Just weeks after longtime Fighting Irish coach and teacher Bill Sutherland passed away, former coach and Section V Hall of Famer Bayne Johnson passed away peacefully on Friday, September 11.

Johnson, who lived in Silver Lake, was 76 years old and passed away at the Avon Nursing Home.

Before becoming a legendary coach on the football sidelines as well as on the hardwood, Johnson was a 1961 graduate of Notre Dame high school, where he was a key member of both the talented football and basketball teams, being known for being a very smart and competitive athlete.

Johnson would return to Notre Dame as the freshman basketball coach in 1968 before becoming the junior varsity basketball coach the year following, where he would remain through the 1972-73 season. During his time as the JV coach Johnson would lead a number of famous Notre dame alumni, including longtime an current head boys varsity basketball coach Mike Rapone.

Johnson, though, would go on to make a name for himself on the gridiron, being known for being an innovative mind before his time, as well as being a stern, but fair, head coach.

Inducted into the Notre Dame Hall of Fame in 1994, Johnson finished 26-16-1 in the ultra-competitive Bishop Smith League, winning the league championship in 1973.

Coaching Notre Dame from 1970 to 1974, Johnson won the Bishop Smith League Coach of the Year award in both 1972 and 1973, while his teams were a perfect 4-0 against then-rival Le Roy in one of the biggest and most competitive series at that time.

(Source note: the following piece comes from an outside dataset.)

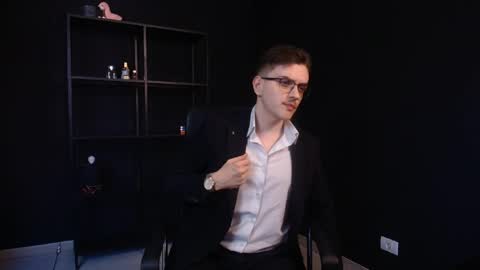 FelixStark online show from May 25, 2026, 5:24 am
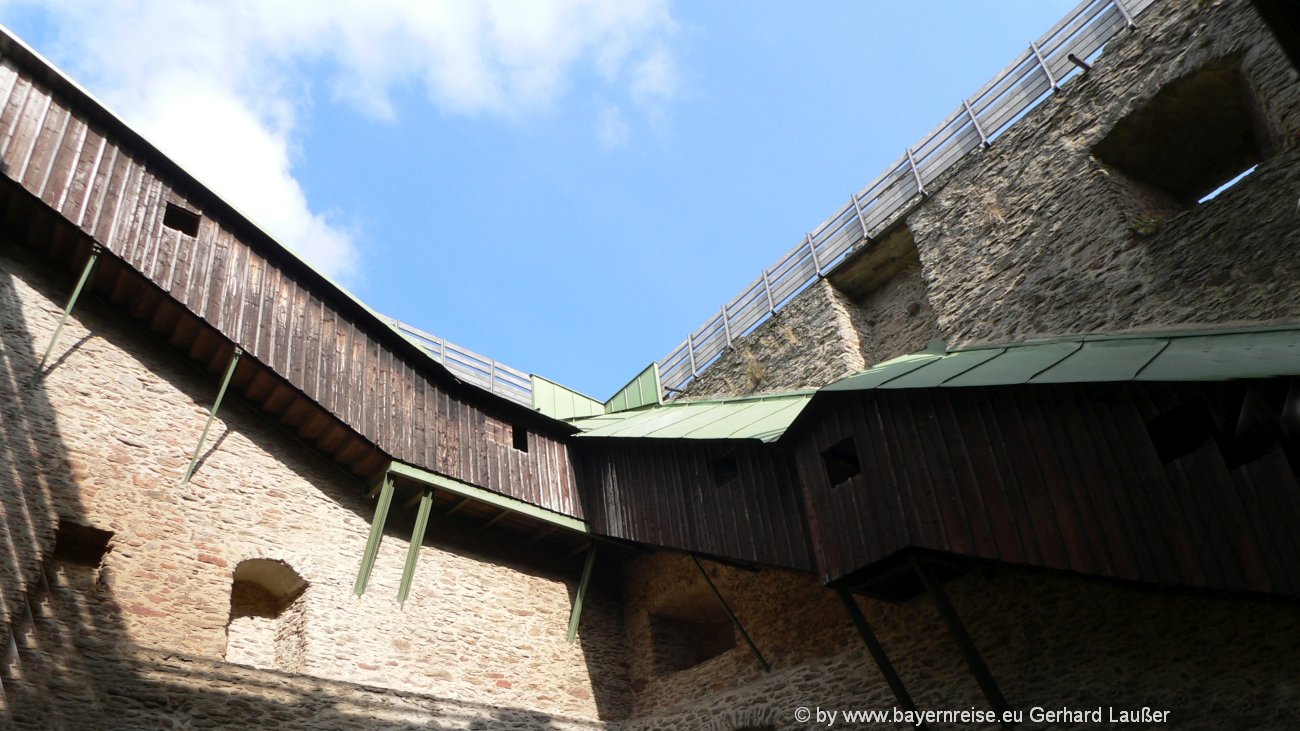 neunussberg-burgruine-aufgang-zum-turm-ausflugstipps-bayerwald-1300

Following his tenure at Notre Dame, Johnson would move on to Oakfield-Alabama, where he not only put together an impressive Hornets football program, but also produced one of the top boys basketball squads around in the mid-to-late 1970s.

During his time at O-A, Johnson worked with none other than current Notre Dame principal Wade Bianco.

In 1979, Johnson continued his Hall of Fame football coaching career at Pittsford Sutherland, where he is also a member of that school’s Hall of Fame.

From 1979-to 1983, Johnson led the Knights to a 34-13 record, while advancing to the sectional title game in his first two seasons at the helm. Sutherland fell to Monroe 7-0 in overtime in the Class A championship game in 1979, while the Knights would come up short against Pittsford Mendon in the Class AA title game the following year.

After two years away — and after Sutherland and Mendon merged into one Pittsford program, where it stands today — Johnson returned to guide Pittsford for three more years, from 1986-88.

After the now-Panthers went 3-5-1 in 1985, Johnson led them to a 6-2-1 record the following year, guiding Pittsford to the sectional semifinals. Johnson would go on to finis 13-12-2 in his second tenure with Pittsford.

Johnson was named to the illustrious Section V Football Hall of Fame with the class of 2008.

Arrangements and funeral services are being handled by Falcone Family Funeral & Cremation Service Inc. on Lake Street in Le Roy.